1Pendant la première moitié du xxe siècle, l’histoire de la spiritualité était liée dans une large mesure aux ordres religieux ou aux institutions ecclésiastiques, et la position des historiens en ce domaine pouvait paraître particulière. Indépendamment de toute tendance à une hagiographie dont les plus sérieux se défendaient fort bien, les historiens appartenant, de près ou de loin, à des institutions ou à des ordres religieux étaient dans un rapport avec leur objet différent de celui que les spécialistes laïcs en histoire économique, sociale ou politique pouvaient avoir. Certes l’histoire est toujours rapport entre le présent de l’historien et cet objet qu’il construit et analyse, mais dans le cas de ce qu’on appelait l’histoire de la spiritualité ce sont le champ d’étude, les méthodes, les fins explicites ou inconscientes du travail qui étaient organisés par le statut ecclésial de celui qui s’y appliquait et des lieux dans lesquels il présentait ses travaux. Ainsi en France la Revue d’ascétique et de mystique, fondée en 1920, et le Dictionnaire de spiritualité, dont le premier copyright datait de 1932 mais le projet de 1928, étaient des créations et des œuvres officielles de la Compagnie de Jésus, tandis que les Études Carmélitaines, fondées en 1911, dépendaient, comme le nom l’indiquait, de l’ordre des carmes, et La Vie spirituelle de celui des dominicains, pour ne pas parler des volumes intitulés La Spiritualité chrétienne, publiés à partir de 1928 par un sulpicien, M. Pourrat. Ainsi non seulement les hommes mais aussi les lieux de travail et de publication étaient marqués en France par un caractère confessionnel, ce qui ne pouvait pas ne pas avoir de conséquences sur le type de recherche qui était menée et le type d’œuvres qui étaient produites.

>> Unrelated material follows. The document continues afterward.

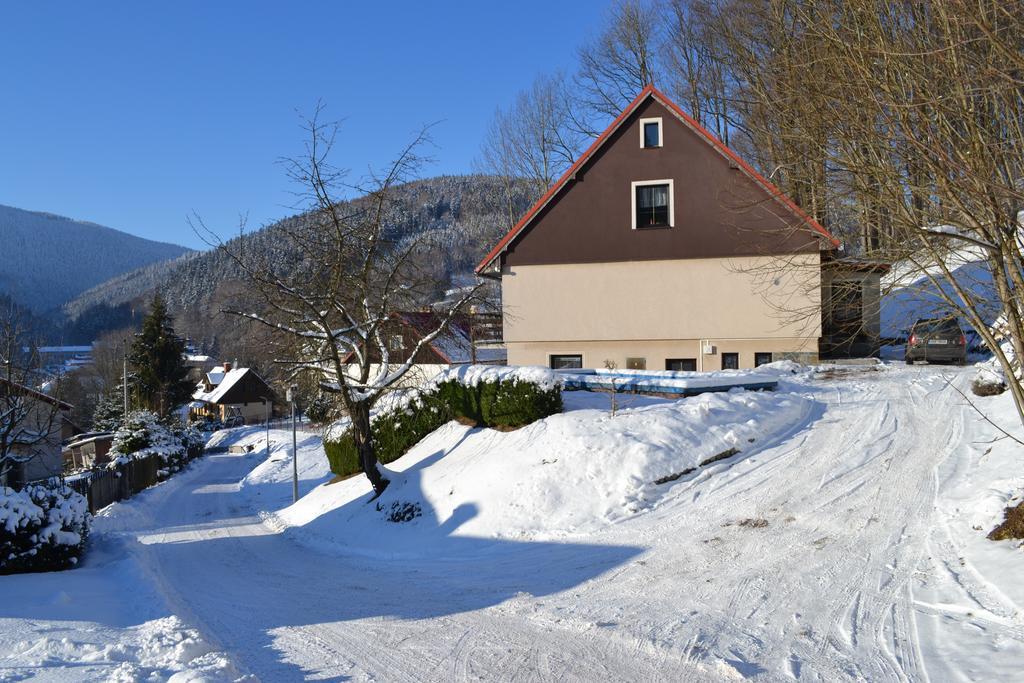 Ubytování v soukromí - U Hlinků Horní Maršov Exterior foto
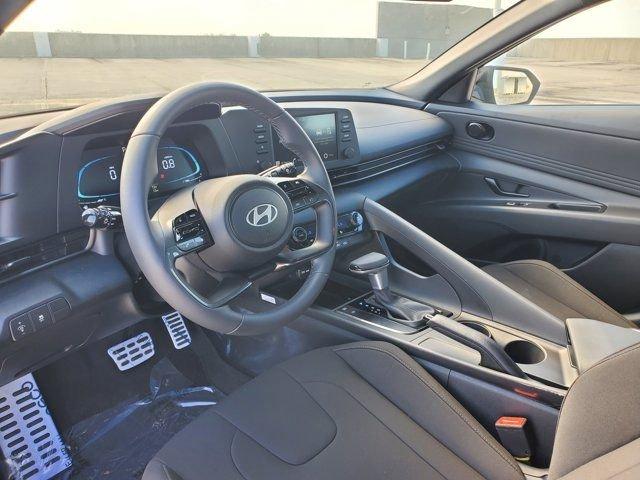 Hyundai Elantra Sel Sport Fwd 4D Sedan - Thumbnail 11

2La notion même de « spiritualité » est une notion datée dans son émergence et ses usages [1]. Issu du latin « spiritualitas », le mot marque l’opposé de ce qui est « charnel » et en est venu à désigner aux xviie et xviiie siècles certaines façons de vivre et d’expérimenter les choses spirituelles : employé alors souvent au pluriel, il désigne ainsi, en particulier lors des grands débats de la fin du xviie siècle entre Bossuet et Fénelon, des modes de vie chrétienne qui sont les conséquences de doctrines orthodoxes ou hétérodoxes, un ensemble d’idées, de synthèses, de pratiques propres à telle famille religieuse, à tel groupe social, à telle condition de vie, des « vraies » ou des « fausses » spiritualités. Quant au terme allemand de « Spiritualität », il semble être un décalque du français : dans l’un comme dans l’autre des deux champs linguistiques, il est significatif qu’au milieu du xxe siècle, et particulièrement au début des années 1960, la notion de « spiritualité » a fait l’objet de débats et de réflexions s’interrogeant sur sa définition exacte, évaluant sa pertinence et ses usages.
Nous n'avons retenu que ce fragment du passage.